_What the exercise asks_: What you should end up with is an exact copy of the lines from the one holding "this 1270×952 image." through the last line of the entries below, both included, and nothing else; leave every picture out.

_Records for the exercise_:
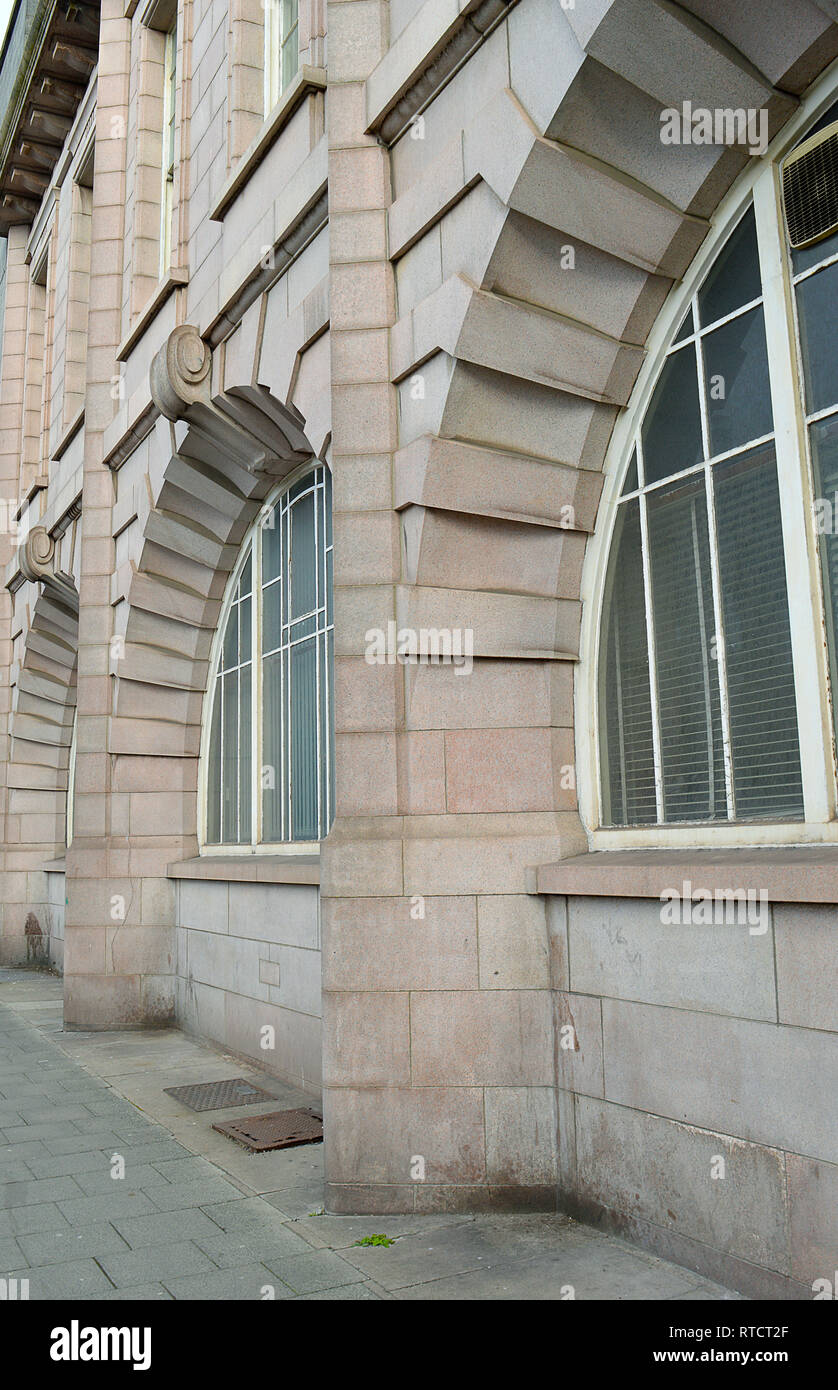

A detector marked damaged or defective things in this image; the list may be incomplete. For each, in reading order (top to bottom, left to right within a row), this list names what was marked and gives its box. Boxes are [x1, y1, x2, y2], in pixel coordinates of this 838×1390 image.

rusty manhole cover [159, 1078, 273, 1112]
rusty manhole cover [212, 1106, 325, 1150]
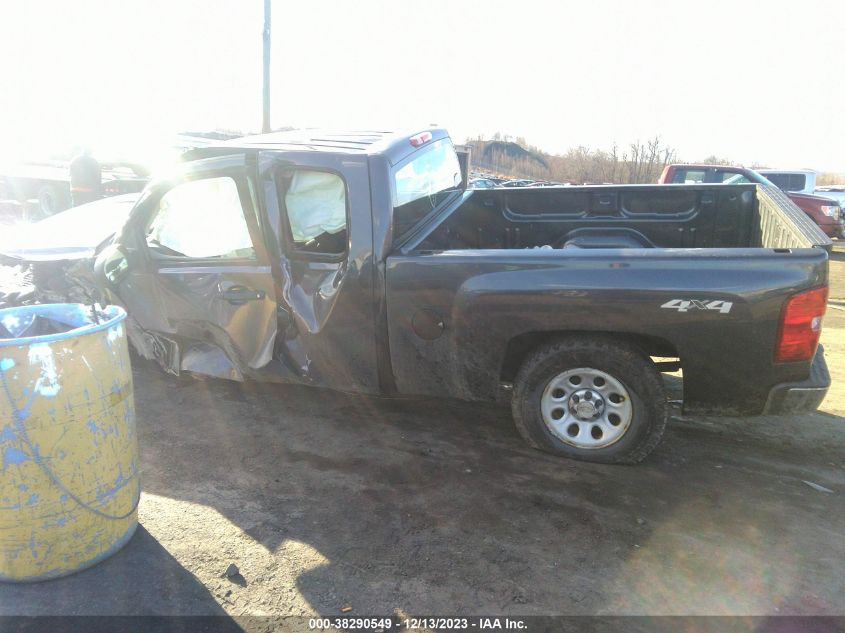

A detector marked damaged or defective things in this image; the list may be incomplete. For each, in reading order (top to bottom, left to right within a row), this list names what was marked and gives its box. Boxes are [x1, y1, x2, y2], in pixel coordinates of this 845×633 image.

deployed airbag [286, 170, 344, 242]
severe collision damage [0, 130, 832, 464]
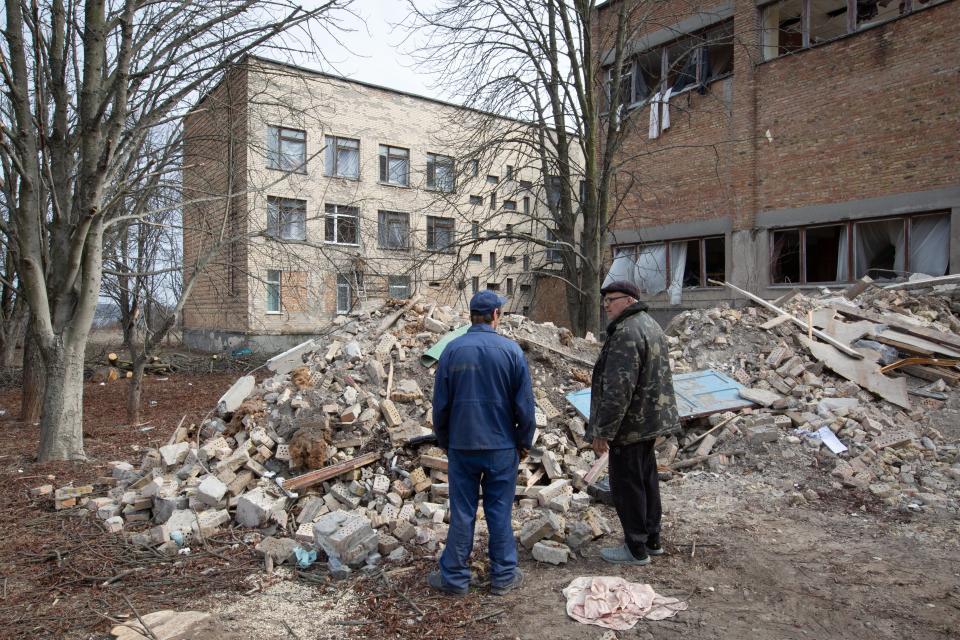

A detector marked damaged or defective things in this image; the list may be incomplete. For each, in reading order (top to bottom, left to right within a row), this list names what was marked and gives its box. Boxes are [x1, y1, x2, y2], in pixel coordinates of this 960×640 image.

broken window [264, 125, 306, 172]
broken window [328, 135, 362, 179]
broken window [378, 144, 408, 185]
broken window [428, 153, 458, 192]
damaged building [596, 0, 956, 322]
broken window [264, 196, 306, 241]
broken window [324, 205, 358, 245]
damaged building [183, 57, 576, 352]
broken window [376, 210, 408, 250]
broken window [428, 216, 458, 254]
broken window [264, 270, 280, 312]
broken window [386, 276, 408, 300]
broken concrete block [217, 376, 255, 416]
broken concrete block [236, 488, 284, 528]
broken concrete block [532, 540, 568, 564]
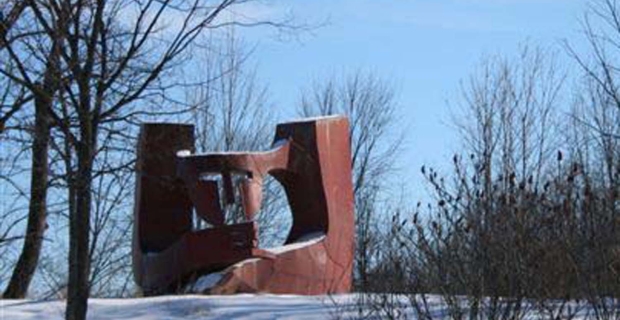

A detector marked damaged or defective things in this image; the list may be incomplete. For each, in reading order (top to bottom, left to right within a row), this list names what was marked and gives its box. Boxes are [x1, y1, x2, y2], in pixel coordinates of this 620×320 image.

sculpture's rusty surface [133, 115, 356, 296]
rusted metal sculpture [133, 115, 356, 296]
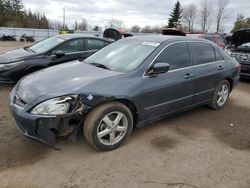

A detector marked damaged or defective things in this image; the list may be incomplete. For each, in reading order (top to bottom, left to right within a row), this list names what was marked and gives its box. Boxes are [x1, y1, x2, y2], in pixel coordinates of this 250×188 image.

damaged front bumper [9, 97, 85, 148]
broken headlight [30, 94, 78, 115]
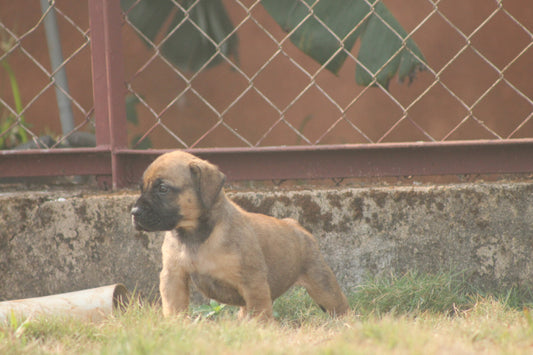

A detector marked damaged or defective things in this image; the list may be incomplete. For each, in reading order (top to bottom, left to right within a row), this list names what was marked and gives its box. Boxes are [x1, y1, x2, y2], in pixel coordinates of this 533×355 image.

rusty metal bar [89, 0, 128, 189]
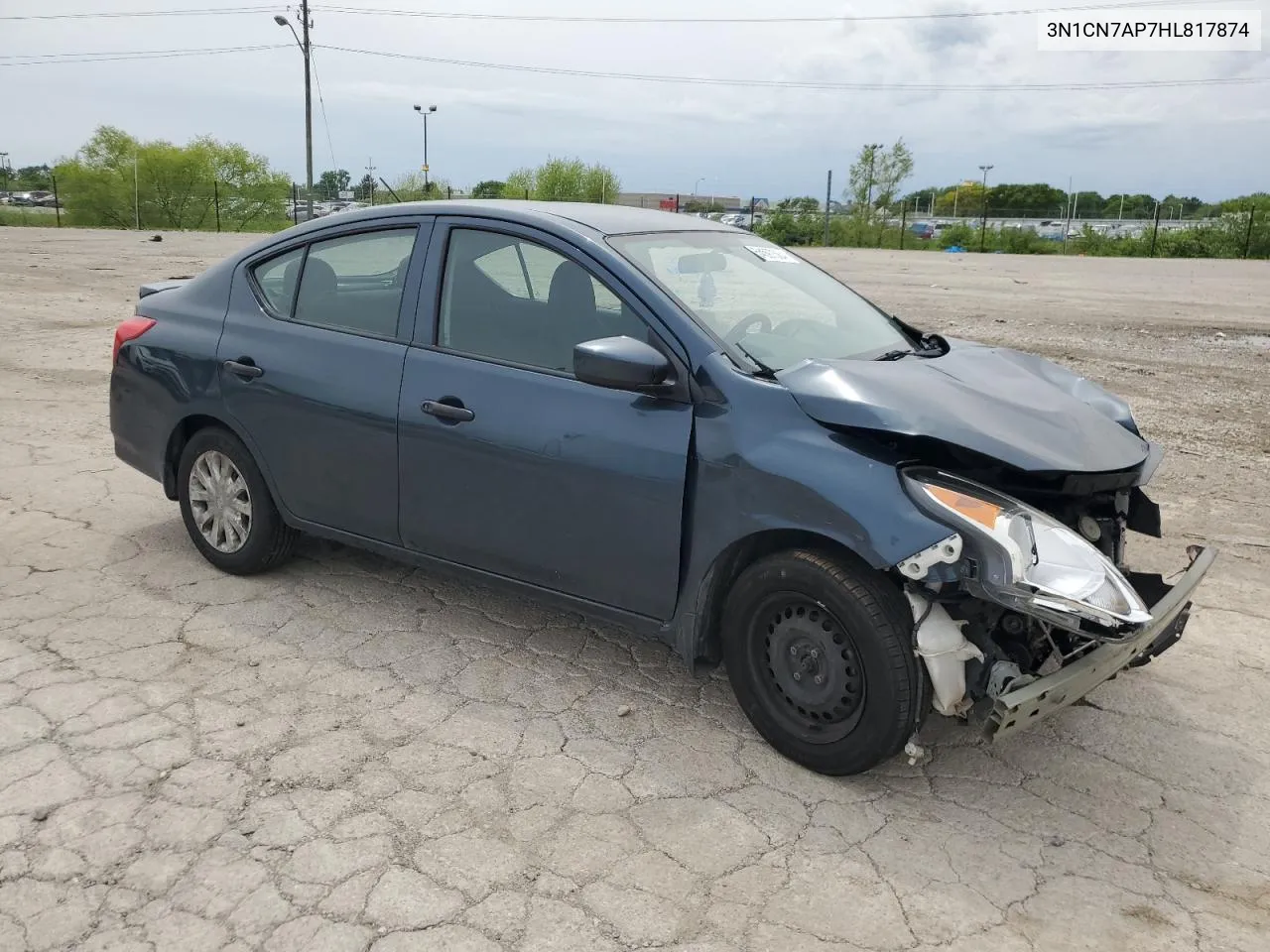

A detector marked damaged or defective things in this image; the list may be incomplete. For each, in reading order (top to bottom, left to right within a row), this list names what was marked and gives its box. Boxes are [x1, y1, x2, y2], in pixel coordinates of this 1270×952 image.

cracked asphalt [2, 227, 1270, 948]
damaged blue sedan [106, 200, 1206, 774]
broken headlight assembly [897, 470, 1159, 639]
crushed front bumper [988, 547, 1214, 742]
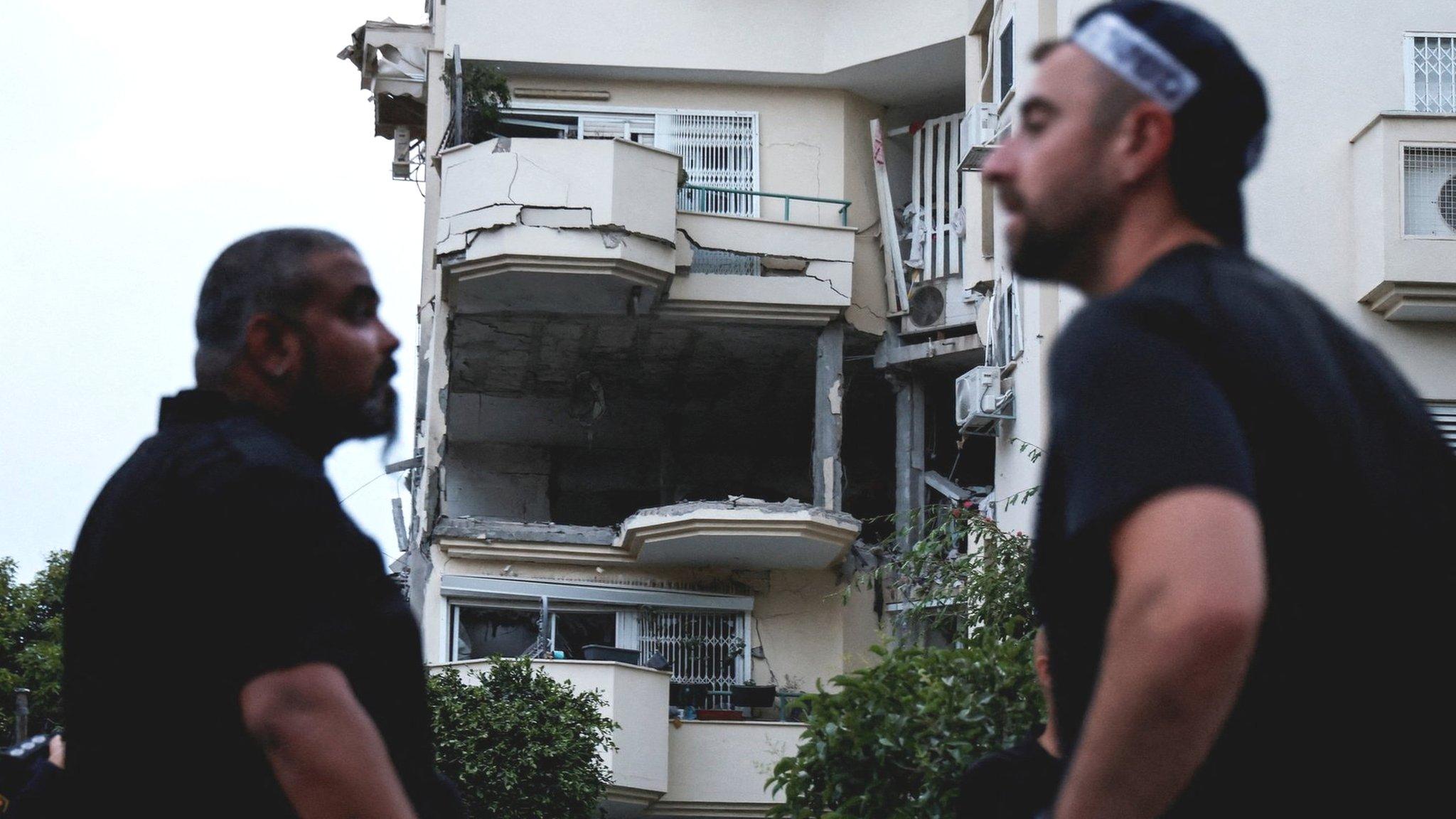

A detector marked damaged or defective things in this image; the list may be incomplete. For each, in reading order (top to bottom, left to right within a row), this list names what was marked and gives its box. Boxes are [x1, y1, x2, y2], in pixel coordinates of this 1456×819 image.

damaged building [338, 3, 1456, 810]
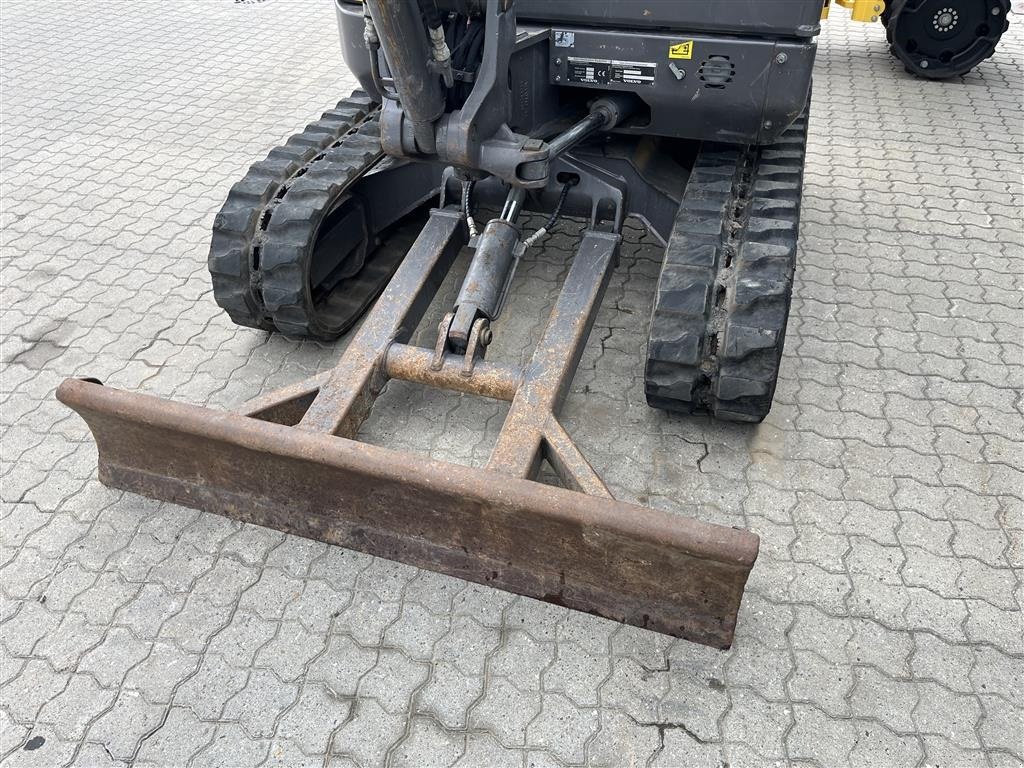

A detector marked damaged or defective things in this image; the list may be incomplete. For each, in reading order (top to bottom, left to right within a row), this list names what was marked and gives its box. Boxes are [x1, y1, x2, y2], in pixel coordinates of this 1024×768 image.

rusty blade edge [56, 378, 761, 651]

_Answer space_:
A detector marked damaged or defective things in this image; the list may be incomplete. For each, in reading order (top to bottom, left to right within a row), this list names what was marked and gives its box. Boxes are [x1, y1, x2, y2], in pixel coordinates of this 1270×952 image.

cracked asphalt [2, 227, 1270, 948]
damaged blue sedan [106, 200, 1206, 774]
broken headlight assembly [897, 470, 1159, 639]
crushed front bumper [988, 547, 1214, 742]

A detector marked damaged or defective things in this image; the list may be incomplete. For each, in reading order (top to bottom, left to right within a row), this list names what was marked and gives its box. Boxes are [x1, y1, x2, y2], in pixel coordinates of this 1456×819 image.

damaged building [338, 3, 1456, 810]

A detector marked damaged or defective things in this image; the list may be incomplete. For each, in reading order (top to bottom, left to right within a row), this list names what was marked and gives its box. Boxes are [x1, y1, x2, y2], in pixel coordinates of this 1024×768 image.

rusty blade edge [56, 378, 761, 651]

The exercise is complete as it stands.